INPUT –
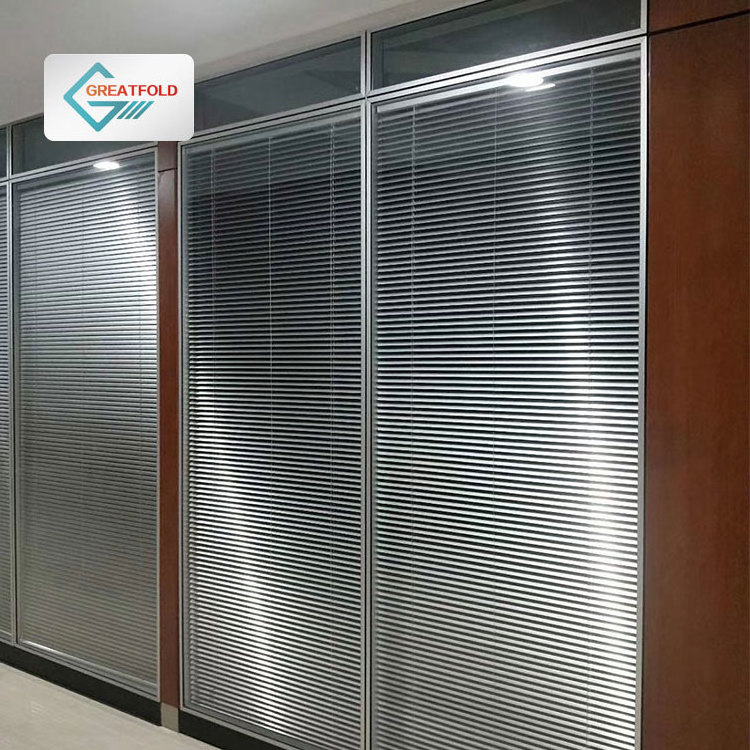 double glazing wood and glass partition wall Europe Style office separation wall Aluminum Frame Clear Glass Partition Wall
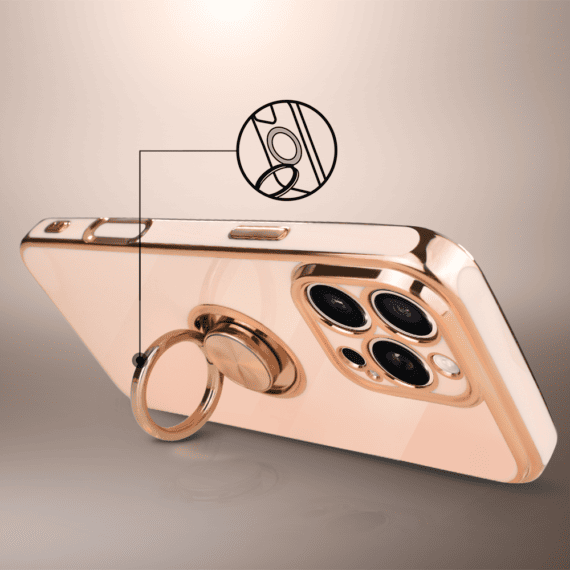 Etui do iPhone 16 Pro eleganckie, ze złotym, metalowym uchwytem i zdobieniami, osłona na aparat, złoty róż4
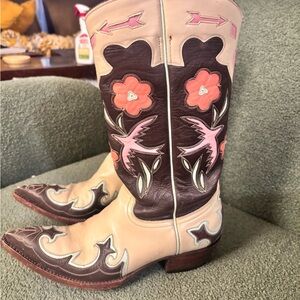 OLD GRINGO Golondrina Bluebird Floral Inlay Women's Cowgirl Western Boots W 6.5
---
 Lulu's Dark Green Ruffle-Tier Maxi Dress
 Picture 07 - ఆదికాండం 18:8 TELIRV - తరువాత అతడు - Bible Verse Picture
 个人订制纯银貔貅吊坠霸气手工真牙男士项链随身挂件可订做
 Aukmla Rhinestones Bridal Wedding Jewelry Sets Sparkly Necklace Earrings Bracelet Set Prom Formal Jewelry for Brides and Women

ASSIGNMENT – Would you please copy exactly the part of the entries above that begins at the line containing "Picture 07 - ఆదికాండం" and ends at the line containing "Aukmla Rhinestones Bridal", both lines included?

EXPECTED OUTPUT –
 Picture 07 - ఆదికాండం 18:8 TELIRV - తరువాత అతడు - Bible Verse Picture
 个人订制纯银貔貅吊坠霸气手工真牙男士项链随身挂件可订做
 Aukmla Rhinestones Bridal Wedding Jewelry Sets Sparkly Necklace Earrings Bracelet Set Prom Formal Jewelry for Brides and Women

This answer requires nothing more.